Lester nodded solemnly. “So how come you fuckin’ her again after I told you—” He grimaced, as if suddenly in pain. “
I told you
how much it hurt her and you in there at it again.”
“We didn’t—”
“Shut the fuck up,
we.
” Lester sat up straight, holding a cushion with his left hand, his right hand on the gun.
“We,”
he repeated. “What do you think,
we?
What are you like, high school romance now? You fuckin’ asshole.”
“Nobody’s—”
“Thing is,” Lester said, pointing the gun at T, more gesture than threat, “onliest thing is, you know you hurtin’ her. That’s the only thing far as I’m concerned. She’s about money, can’t blame her. She need money to get out. You got the money. That’s way it is for her. But you, you piece of shit. You think we’re scum? You hurtin’ her like that?”
“I’m not hurting her.”
“Fuck you’re not,” Lester said quietly. “You know you are.” He paused a second and then repeated himself even more quietly. “You know you are.”
“Are you high?” T asked. “I don’t get the sudden change, Lester. A few hours ago, you were making a deal with me. Now—”
Lester interrupted as if he hadn’t heard a word T said. “I never known Jenny to be with a guy much as she’s bein’ with you. You know what I’m sayin’?”
“No,” T said, “I don’t.”
“What’s she sayin’ to you, man? She sayin’ that she loves you? She tellin’ you that shit?”
“Lester—”
“She is, isn’t she? Fuckin’ bitch. You believe her?”
“Look, Lester—” T touched his forehead, as if it might help him stay focused. “Can you answer my one question, please?” he said. “Didn’t we have a deal? What happened?”
“She lying to you.” He leaned forward again, dropping back into his original position, holding his face in his hands, only now there was a gun in his right hand, the butt of it against his eye. “My daddy,” he said, “he basically a decent man. All he really care about, ’course, was fishing and fucking—and didn’t really matter who he did either with. He basically a good man, though.”
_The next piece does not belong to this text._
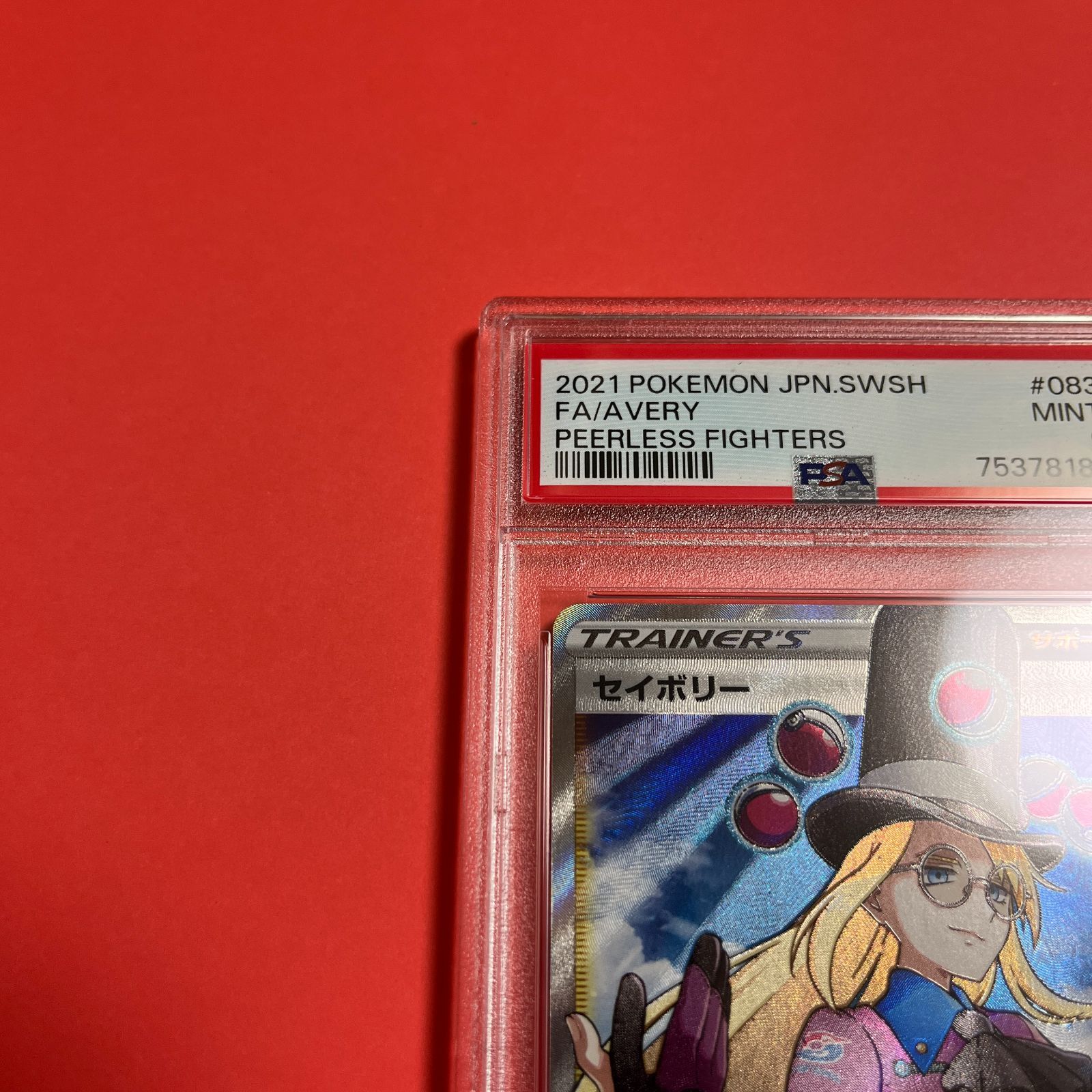 PSA9 セイボリーSR s5a-083/070 ワンオーナー品 ポケモンカード鑑定品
“I’m sure he was,” T said.
“You sure he was,” Lester mocked. “Get the fuck out of here,” he hissed. “Swear God I’m inch away from puttin’ a bullet through one of your eyes.”
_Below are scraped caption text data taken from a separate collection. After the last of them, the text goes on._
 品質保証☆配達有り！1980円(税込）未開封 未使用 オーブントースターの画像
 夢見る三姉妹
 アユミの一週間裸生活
T stood. “I don’t get it,” he said.
“You two seconds from being dead, you don’t get the fuck out of here.”
T backed away several steps, then turned and walked down the hall to the bedroom. Inside, he closed the door behind him gently, careful to make as little noise as possible. Under his breath, he cursed the lack of a lock on the bedroom door, then scanned the room for a chair he might wedge under the knob—though he knew there was no such chair in the room. Behind him, Jenny lay on her side wrapped in a sheet and clutching a pillow to her breast. His heart was beating hard enough that he could feel it through his shirt, and he placed the palm of his hand over it and rubbed, as if trying to massage it to a regular beat. He sat on the edge of the bed, by Jenny’s feet, and waited in the dark for his breathing to even out and his heart to slow down. When he woke Jenny in a moment to tell her what was going on, he didn’t want to sound breathless and scared.